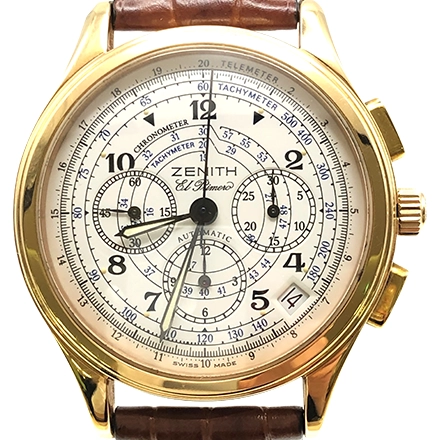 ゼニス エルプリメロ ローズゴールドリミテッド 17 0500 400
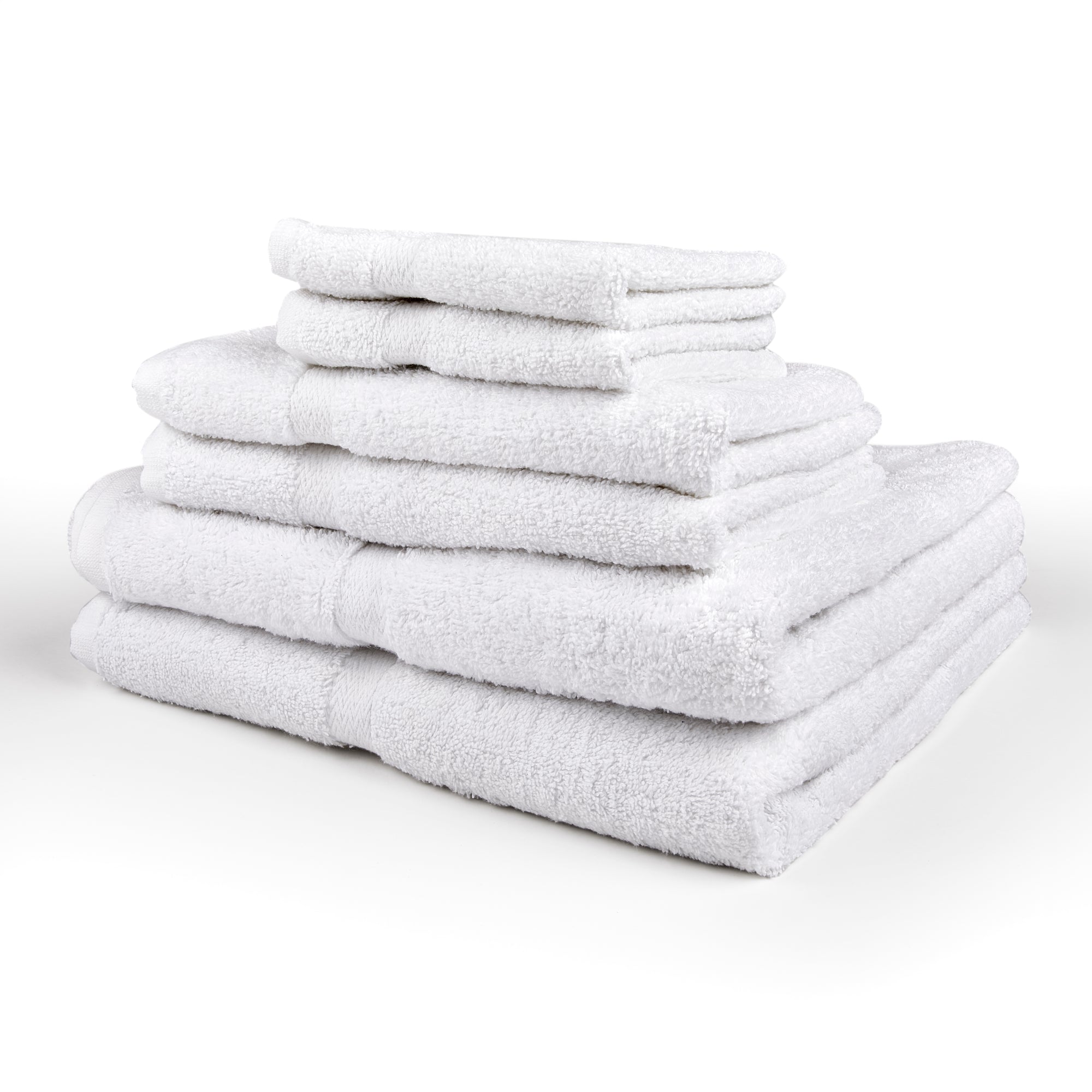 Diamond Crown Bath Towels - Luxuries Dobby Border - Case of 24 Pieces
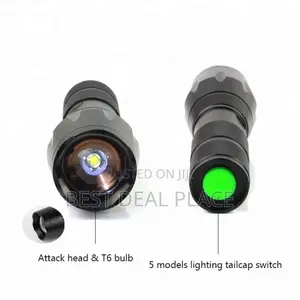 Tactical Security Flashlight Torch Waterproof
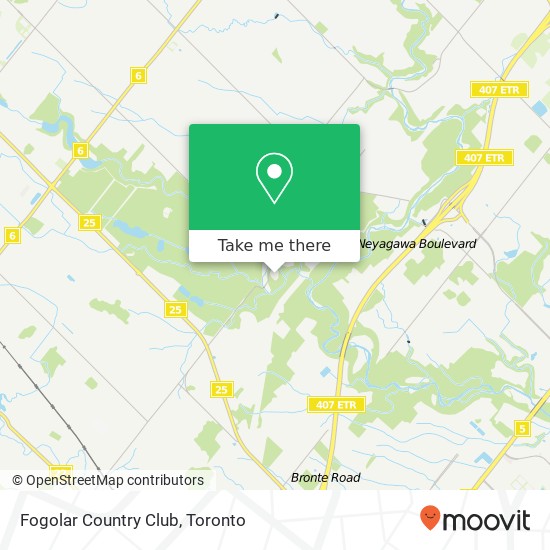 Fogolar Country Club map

* * *

[TASK]
Reproduce the material above in full, images excluded.

[ANSWER TO THIS EXERCISE]
 ゼニス エルプリメロ ローズゴールドリミテッド 17 0500 400
 Diamond Crown Bath Towels - Luxuries Dobby Border - Case of 24 Pieces
 Tactical Security Flashlight Torch Waterproof
 Fogolar Country Club map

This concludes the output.